Credit risk. The riskier the borrower, the higher the rate. This is why junk bonds pay more than Treasury bonds and why your credit score directly impacts the mortgage rate you’re offered.
Money supply. When the money supply expands (through quantitative easing, for example), rates tend to fall because there’s more capital chasing borrowers. When it contracts via quantitative tightening, rates rise.
Interest Rates and the Yield Curve
The yield curve plots interest rates across different maturities of U.S. Treasuries, from 1-month bills to 30-year bonds. Normally, longer maturities carry higher rates because lenders demand extra compensation for locking up money longer. When short-term rates exceed long-term rates, you get an inverted yield curve — historically one of the most reliable recession signals.
How Interest Rates Affect Investments
Bonds. Bond prices and interest rates move in opposite directions. When rates rise, existing bonds with lower coupons become less attractive, so their prices drop. The sensitivity of a bond’s price to rate changes is measured by duration.
Stocks. Higher rates increase the cost of capital for companies, compressing profit margins and making future earnings worth less in today’s dollars. This hits growth stocks particularly hard because more of their value depends on distant future cash flows.
Real estate. Rising rates directly increase mortgage costs, cooling housing demand and prices. Conversely, low-rate environments tend to fuel real estate booms.
Cash and savings. Higher rates benefit savers — money market funds, CDs, and high-yield savings accounts become more attractive. Lower rates punish savers and push them toward riskier assets.

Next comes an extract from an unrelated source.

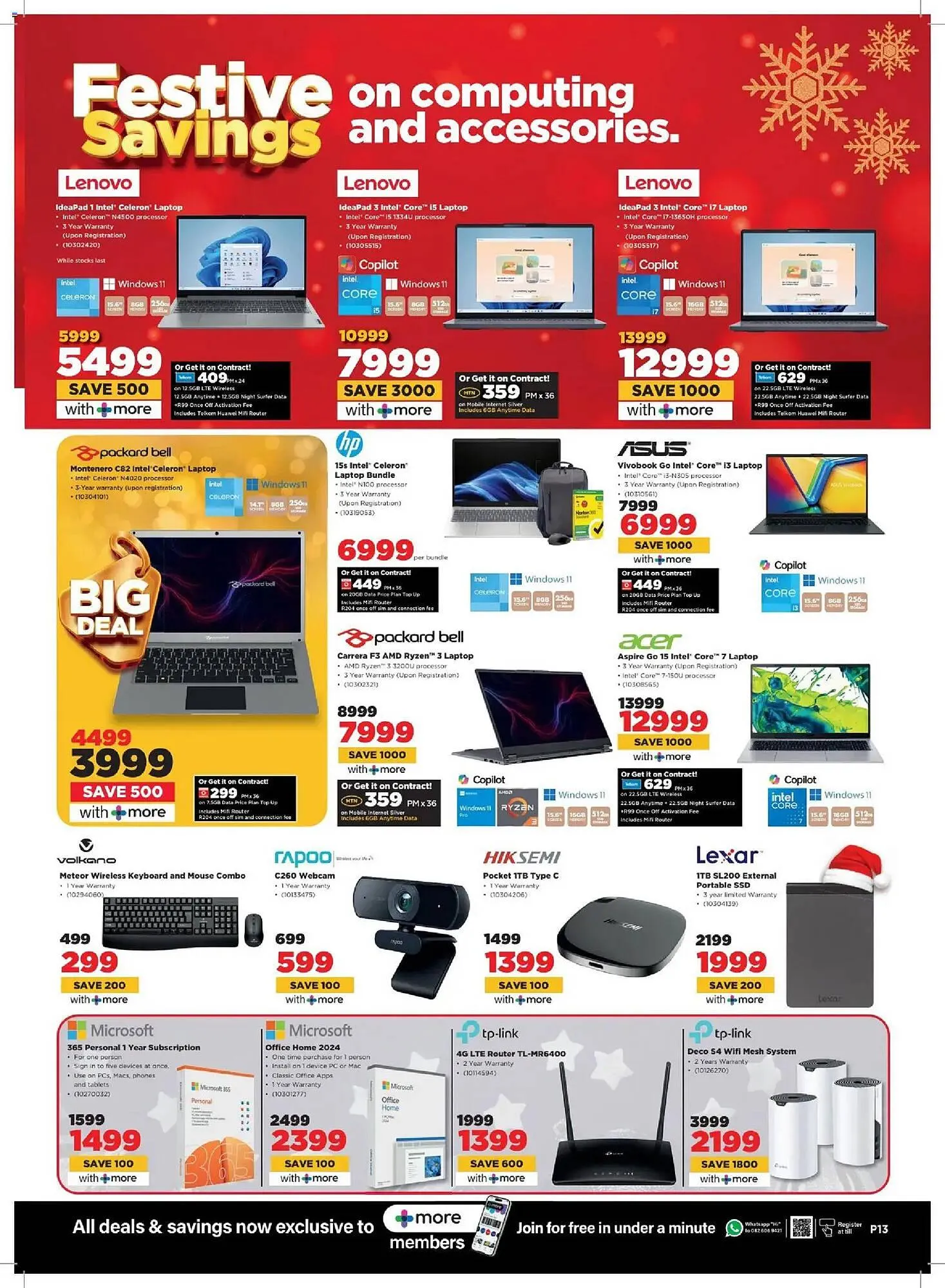 HiFi Corp catalogue from 17 December to 28 December 2025 - Catalogue Page 13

Simple Interest vs. Compound Interest
Simple interest is calculated only on the original principal. Compound interest is calculated on the principal plus all previously accumulated interest — meaning your balance grows exponentially over time. Most real-world financial products (savings accounts, loans, credit cards) use compound interest, which is why the compounding frequency matters so much.
Key Takeaways
- An interest rate is the percentage cost of borrowing money or the percentage return on lending it, quoted annually.

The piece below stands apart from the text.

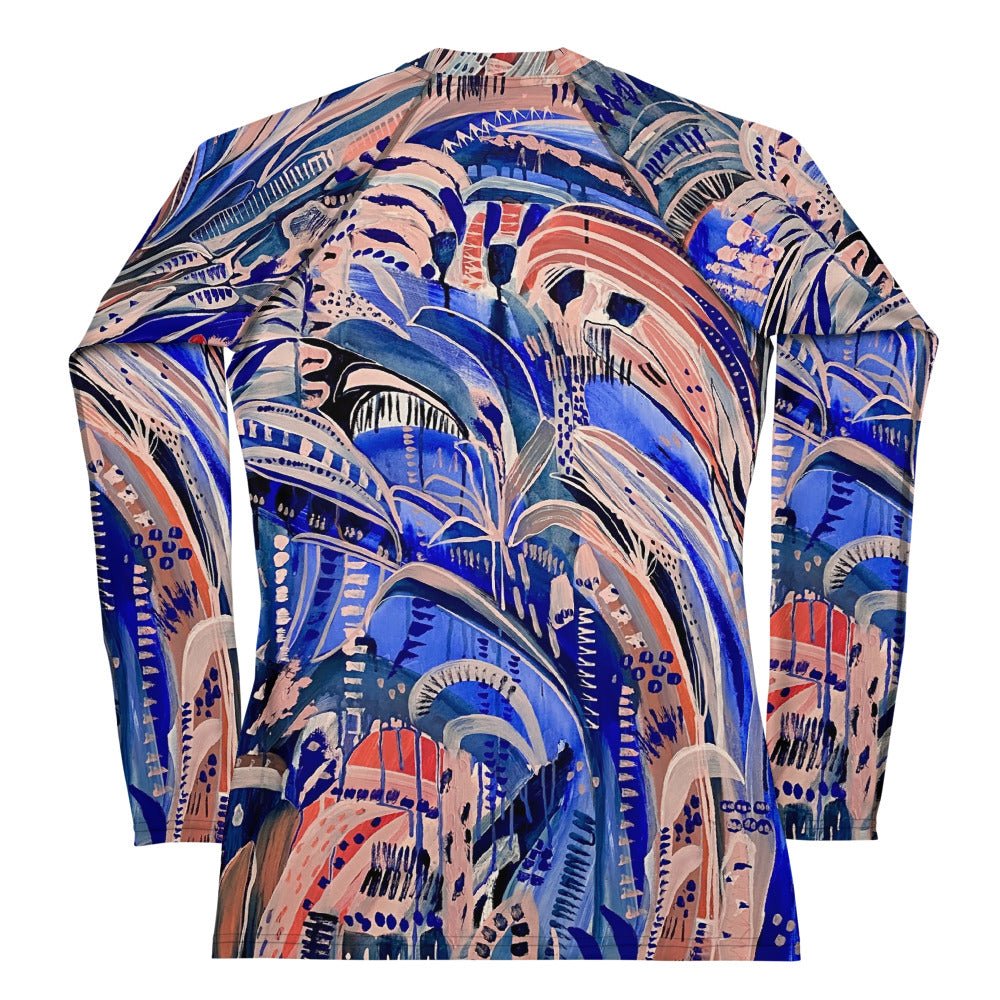 Electric Summer - Rashguard women-Carley Bourne-PaletTheory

- The Federal Reserve sets the federal funds rate, which influences virtually all other interest rates in the economy.
- Inflation, economic growth, credit risk, and money supply are the main forces driving rates up or down.

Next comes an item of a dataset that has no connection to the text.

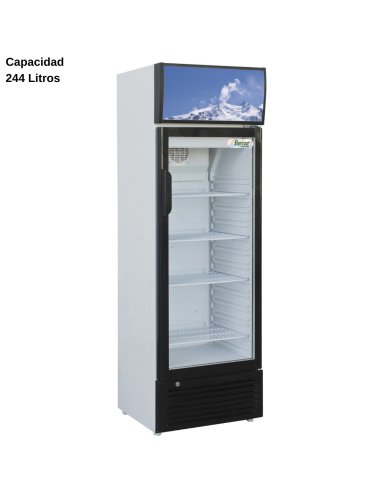 Nevera expositora de bebidas 244L G-SNACK251SC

- Rising rates hurt bond prices and growth stocks but benefit savers; falling rates do the opposite.
- Always compare the real interest rate (nominal minus inflation) to understand the true cost or return.
Frequently Asked Questions
What happens when interest rates go up?
Borrowing becomes more expensive across the board — mortgages, car loans, credit cards, and corporate debt all cost more. Bond prices fall, stock valuations (especially for growth companies) tend to compress, and savers earn better returns on deposits and money market funds.
Who controls interest rates in the United States?
The Federal Reserve sets the federal funds rate, which directly influences short-term rates. Longer-term rates like mortgage rates and Treasury yields are set by market forces — supply and demand in the bond market — though they’re still heavily influenced by Fed policy and inflation expectations.
What is a good interest rate?
It depends entirely on the context. For a 30-year mortgage, anything near or below the long-term historical average of around 7-8% has been considered favorable. For a savings account, you want a rate that at least keeps pace with inflation. For investment returns, compare against the risk-free Treasury yield to assess whether the extra risk is worth it.
How do interest rates affect the stock market?
Higher rates increase companies’ borrowing costs, reduce consumer spending, and lower the present value of future earnings — all of which tend to pressure stock prices downward. Lower rates have the opposite effect, which is why markets often rally on rate-cut expectations. The relationship isn’t perfectly predictable in the short term, but over time, the cost of capital is one of the most powerful forces in equity valuation.